(Extracted entries):

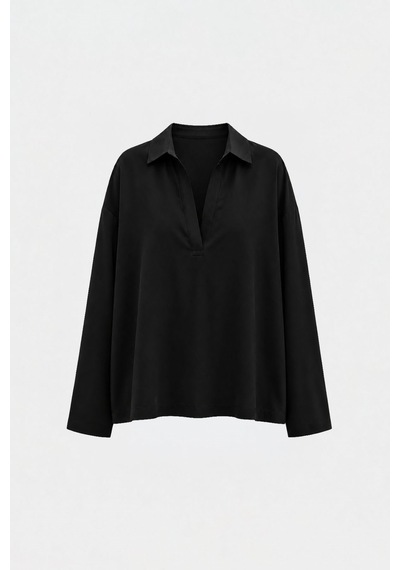 Suud Collection Siyah Alessa Polo Yaka Tensel Bluz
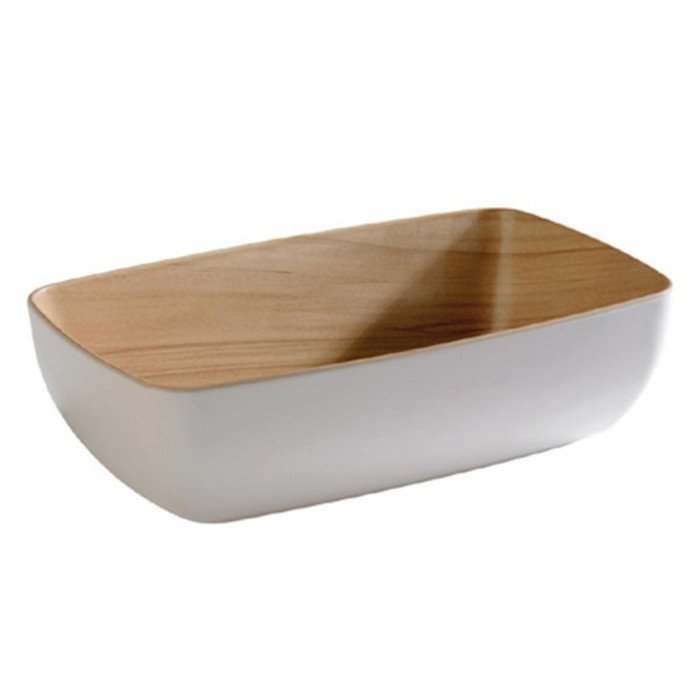  BOWL WHITE/BAMBOO GN 1/4 26.5X16.2XH7.5CM 1.8L MELAMINE FRIDA 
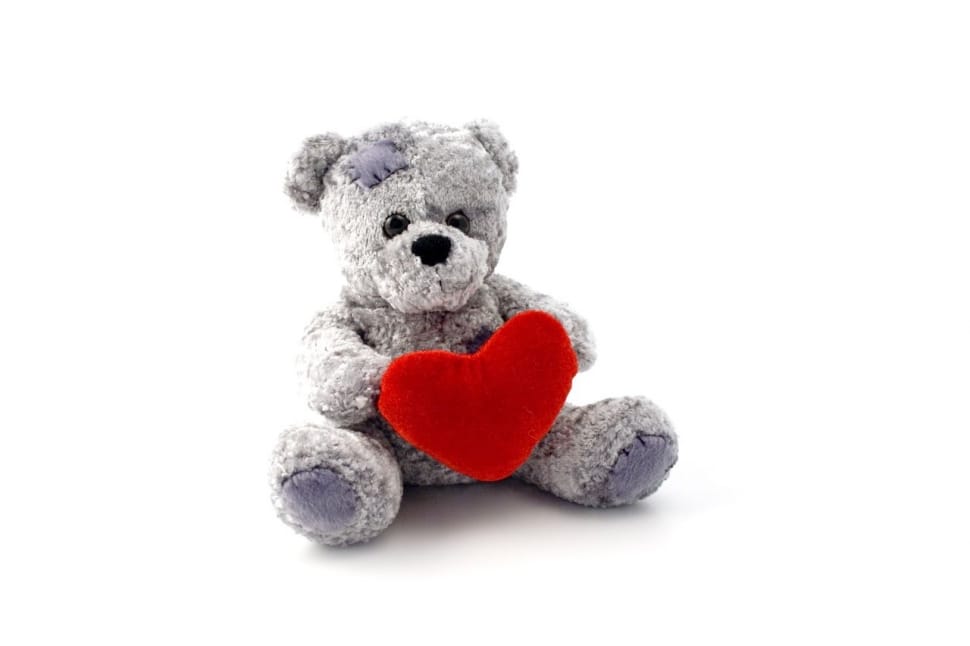 grey bear holding red heart plush toy preview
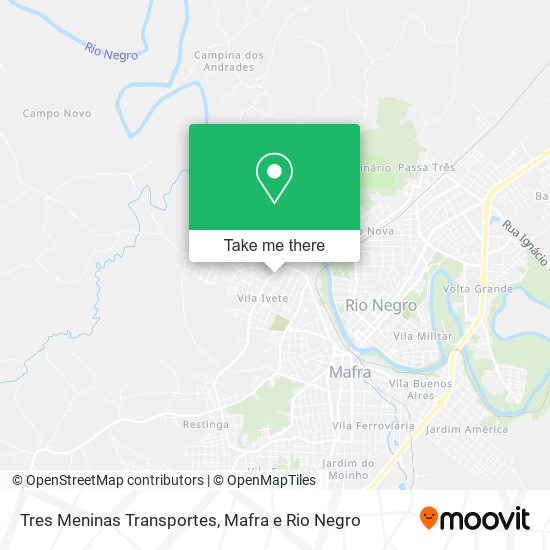 Tres Meninas Transportes map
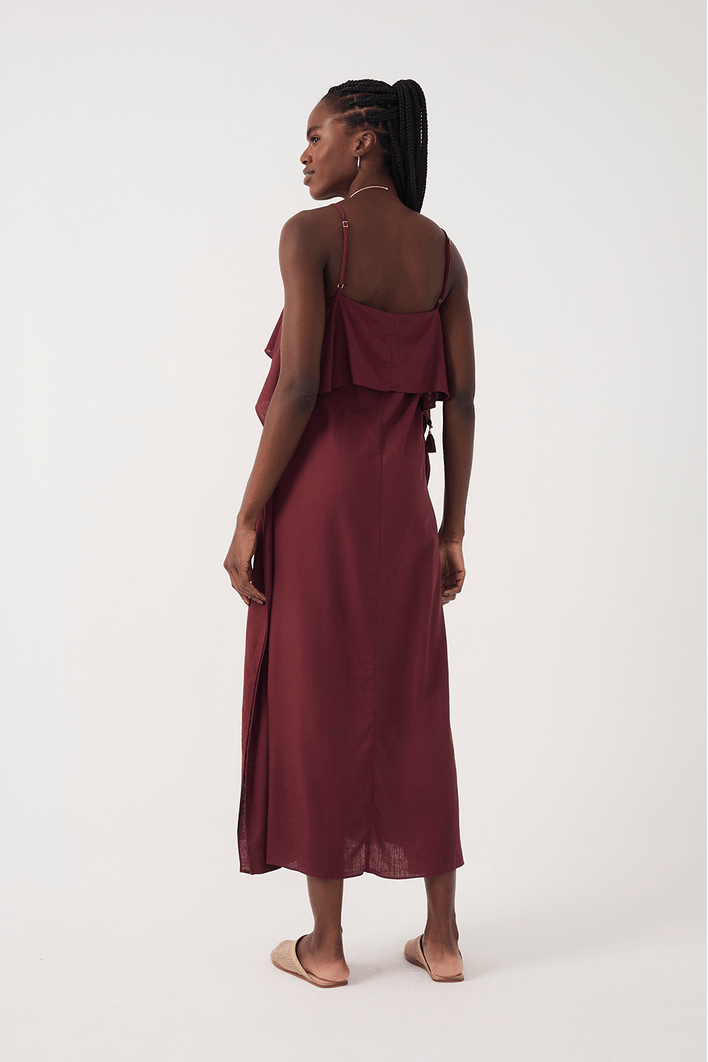 Vestido Cropped Babado Decote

(Task description): Pictures stay out; everything else in the entries is copied exactly.

(Output of the task):
 Suud Collection Siyah Alessa Polo Yaka Tensel Bluz
  BOWL WHITE/BAMBOO GN 1/4 26.5X16.2XH7.5CM 1.8L MELAMINE FRIDA 
 grey bear holding red heart plush toy preview
 Tres Meninas Transportes map
 Vestido Cropped Babado Decote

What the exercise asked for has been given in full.